You are looking for kd-tree range search or range query.
- Quadtrees (or octtrees or 16-trees...) are better when there is a changing set of points, but you expect the distribution to be uniform. No further balancing steps are needed, because the structure of the tree is fixed.
- kd-trees perform better on a fixed set of point, even with non-uniform distribution. When the point set changes, it is hard (but not impossible) to do self-balancing steps.
- AABB trees (or fat AABB trees) provide a fast way for testing overlapping shapes, not only points. AABB trees need some balancing occasionally. When constantly moving objects are included, common way is to use "fat AABB-s", so you don't have to update the tree in every frame.
- Sorting by only one axis and using binary search (something like abelenky suggested, but I think there is no point in doing a second binary search) is a simple and elegant solution, but will be slow when for example you sort by the X axis, and all the points are on a line parallel with Y. You have to do a linear filtering on the points which are matched by the binary searches by X. Time complexity is worst case
O(n)
, but this worst case happens pretty often.

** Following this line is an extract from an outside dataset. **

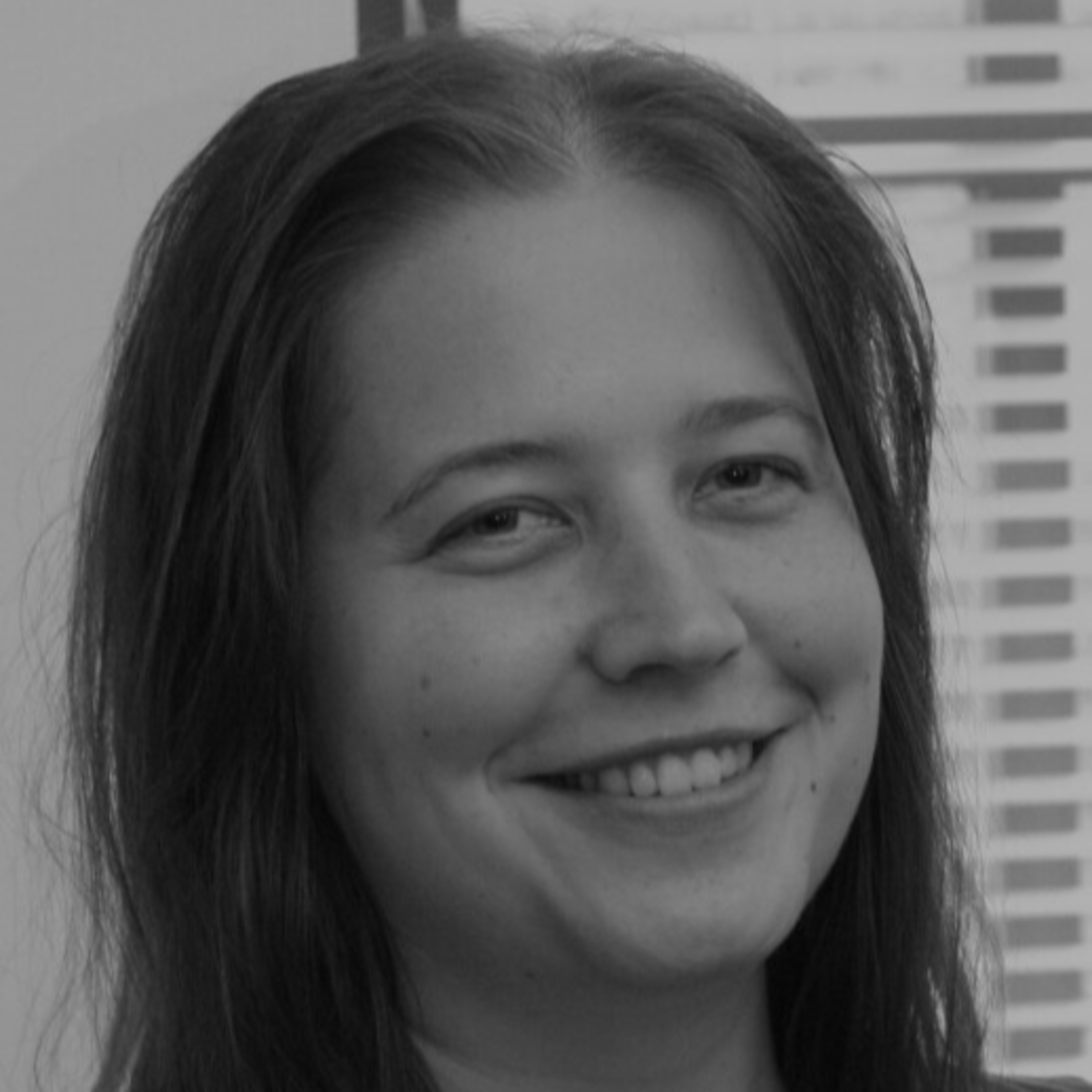 Leikki kesken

All these algorithms run queries in average O(log n + k)
where k is the count of matched points.
Gridding, like Yves suggested, can perform range search in O(k)
time, but only when the size of the query rectangle is bounded. This is what they often do in particle simulations. Gridding can be used even when the input set is not bounded -- just make a fixed count of buckets based on hash of the grid coordinates. But if the query rectangle can be of arbitrary size, then gridding is a no-go.